Twin WorkUK (the work experience arm of Twin Group) runs several developmental programmes including the Anglo Chef and Anglo Training programme – both specialising in offering EU nationals paid hospitality or catering work. Joanne Sayer comments that both models were launched after the company identified a skills shortage in the hospitality sector and she observes that it attracts a steady stream of applicants. A new programme that Twin WorkUK has launched is the Earn and Learn programme, which fits the new visa rules – students receive English tuition in the morning before a work placement in the afternoon. It is still in its early stages of inception.

“We launched this because more and more students want to study and do work experience at the same time but cannot afford to do volunteer work and so they are happy to improve their English in non-specific placements, which are usually in areas that look for temporary staff. This is very new and we are just getting our first bookings for it,” Sayer relates.

Specialist internship companies also assist international students in their quest to find relevant unpaid work experience and Bowring specialises in the unpaid work sector. She observes that marketing, communications and fashion are the most requested areas to work in.

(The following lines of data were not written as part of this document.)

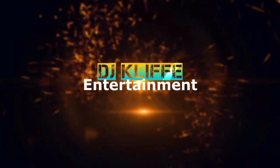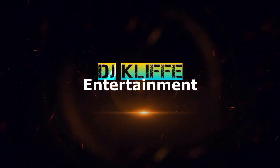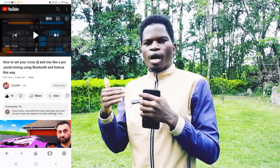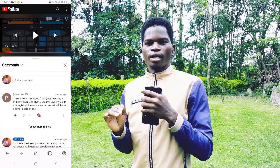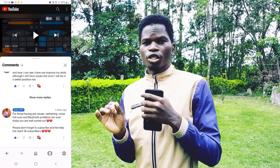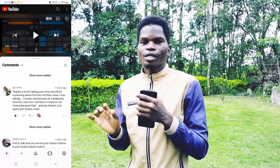Hey, what's up people, it's your guy DJ Cliff. Welcome again to this channel. If you're new, please make sure you subscribe and tell a friend about this channel. Today, I'm making this video because I see comments where people ask, for example, why their Cross DJ application is very slow when doing a particular trick — it doesn't recognize the maneuver.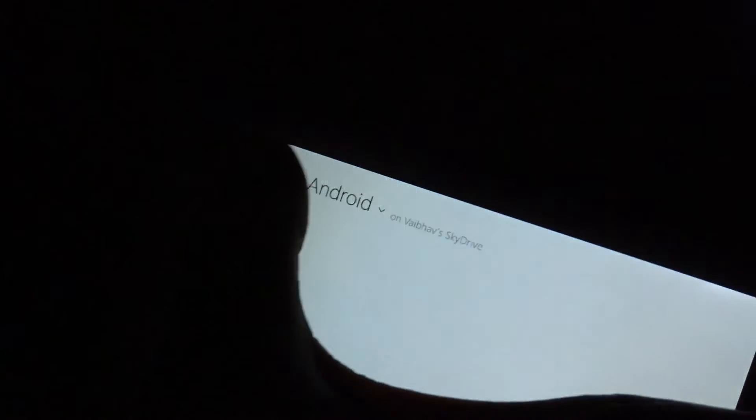As you can see, it's Android written there and my name.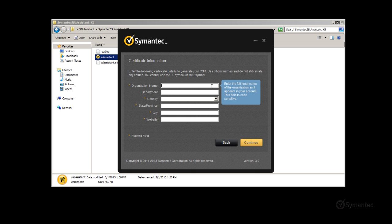This first field is the organization name. Use the legal business name that your company operates under.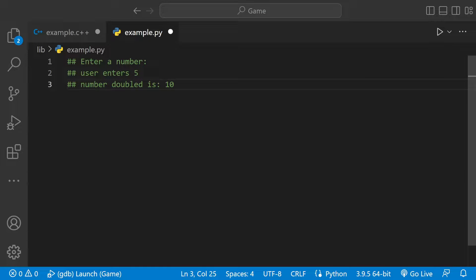Welcome back to another Python video. Today we're going to be asking the user to enter a number, store that number in a variable, and then print out the number doubled.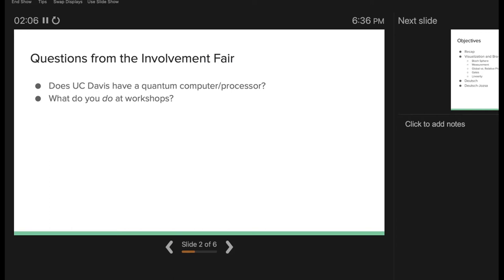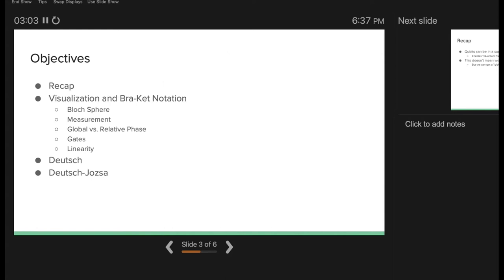Another question was: what do you do at workshops? In the beginning it'll look like what I'm doing right now — presenting information. One thing I want to encourage is: if you have any questions regardless of your background, feel free to stop me right then and there. I'm not your professor. The entire nature of quantum mechanics is incredibly weird so I anticipate a good deal of questions. Also, let me know if I'm going too fast — I have a tendency to speak quickly.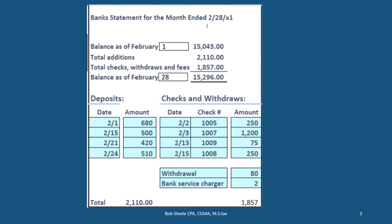This bank statement coming from the bank is going to be as of the end of February in this case, and we'll have the typical information on a bank statement: the beginning balance, then additions to it — generally deposits — and then the subtractions to it generally.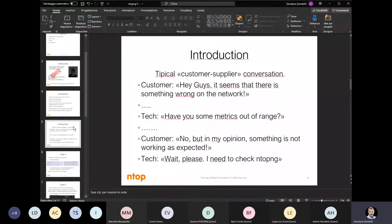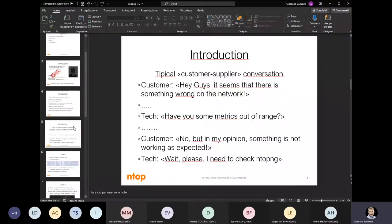Before the use cases, a small introduction: every day IT guys and customer support face a typical customer-supplier conversation where the customer has some problem but has no metrics to share with IT support — the only thing they know is that something is probably not working as expected. What tool could help in some small steps to start reducing the issue surface or the attack surface?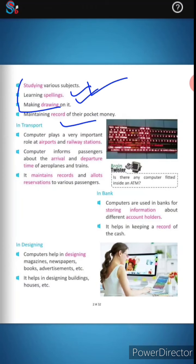In transport, computers play a very important role at airports and railway stations. Computers inform passengers about the arrival and departure times of aeroplanes and trains, and maintain records and alerts for reservations for various passengers.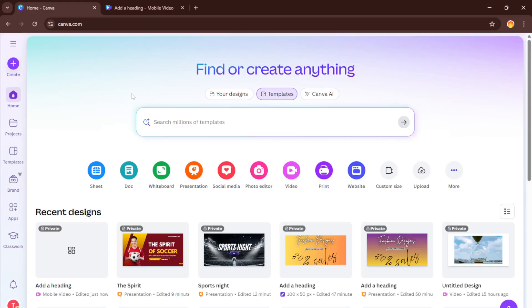Today I'm going to show you how to create stunning Instagram reels using Canva, even if you have zero design experience. By the end of this tutorial, you'll know exactly how to lay out your content, add dynamic transitions, and craft visually engaging reels that stand out on any feed. So let's dive right in.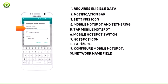10. Tap the network name field and enter the desired network name.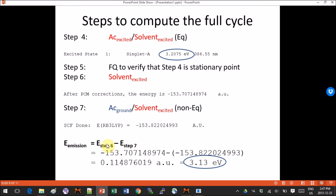To get the emission energy we subtract the energy from step 6 and the energy from step 7, and we get approximately 0.115 atomic units, which converted to electron volts is 3.13 eV. The excited state energy from step 4 for the first excited state was 3.2 eV, so we're off by around 0.07 eV — not much, but for some applications it could be a crucial difference.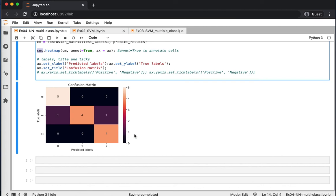This is how we construct a multi-class classifier using a neural network in Python with Keras and TensorFlow. Thank you.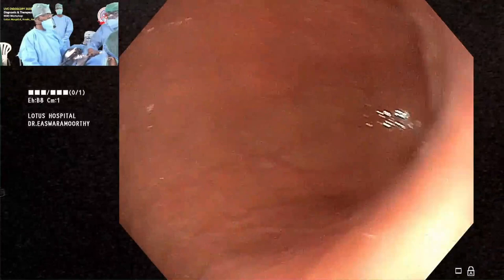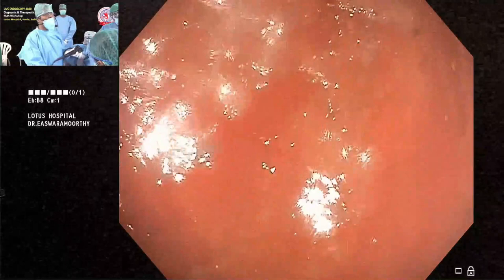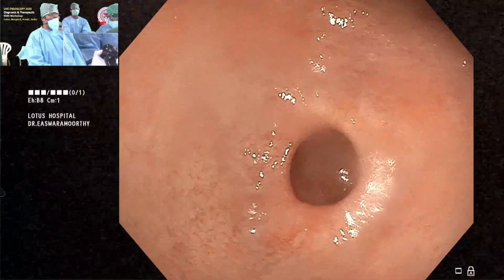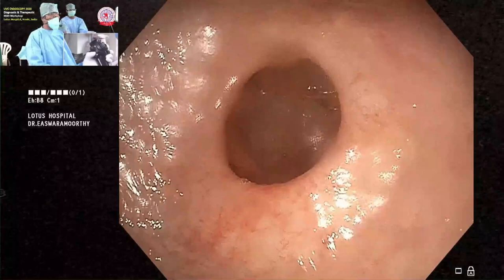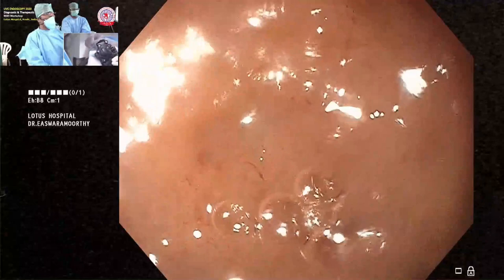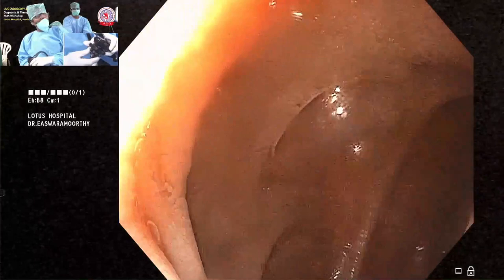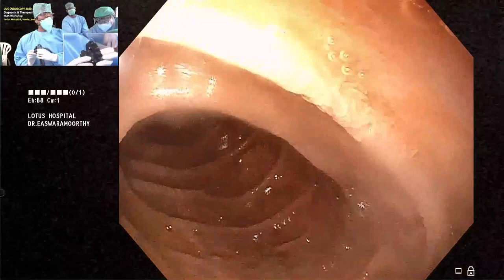As you advance further, continue walking along the greater curve. Turn the big wheel toward you, which brings the pylorus toward you — place it right at the center of the screen so the scope is facing it directly. Then you can enter D1. You can see some scarring and duodenal erosions here. Turn the small wheel away, then the big wheel, and advance further — there is no obstruction now, only minimal scarring — you can go right into the second part of the duodenum.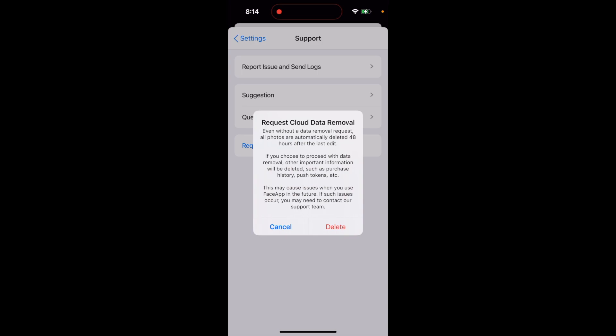If you choose to proceed with data removal, other important information will be deleted such as purchase history, push tokens, and so on. This may cause issues when you use FaceApp in the future. If such issues occur, you may need to contact our support team.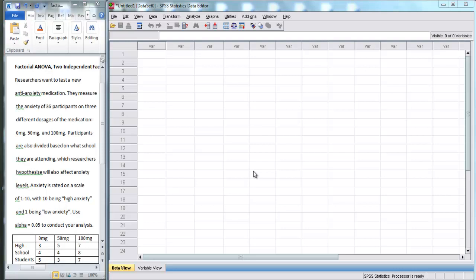In this video, I'm going to use SPSS to perform a factorial ANOVA on two independent factors.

Many providers report a Western European bias for these types of placements and Joe Solomon, Opus Programme Manager at Kaplan Aspect Career Services, notes that unpaid internships tend to attract German, Italian and French students, as well as some Japanese and Korean students while paid work is the preferred choice among German, French, Swiss, Swedish and Latin American students. Wilkins agrees and observes that other nationality groups are beginning to take interest in paid work abroad: “Paid work is significantly increasing in demand – most significantly from Asia, South America and Russia.”

Despite uncertainty, most work experience providers remain optimistic about the future of the sector. If anything, notes Bowring, unpaid placements are more in demand than ever. “I think unpaid placements are getting more popular, we have never been busier in the last two months – which is remarkable given we’re in a recession,” she muses. Meanwhile, Jayne Stroud at The Training Partnership says that requests for paid work now outstrips demand for their specialist Gap Year products. “I believe that paid work has influenced the former gap year students – students are prepared to work their way around the world earning a living, breaking down barriers and making new friends without necessarily relying on the assistance of their parents.”

The reciprocal benefits that paid or unpaid placements afford both student and host company are evident; while students gain a cultural insight into Britain’s work ethic, and may earn money, businesses also benefit from welcoming an intern into the fold. “A lot of companies now use work experience as a way of recruiting potential new employees, which of course can be a benefit to students with the right to work in the UK,” observes Bowring.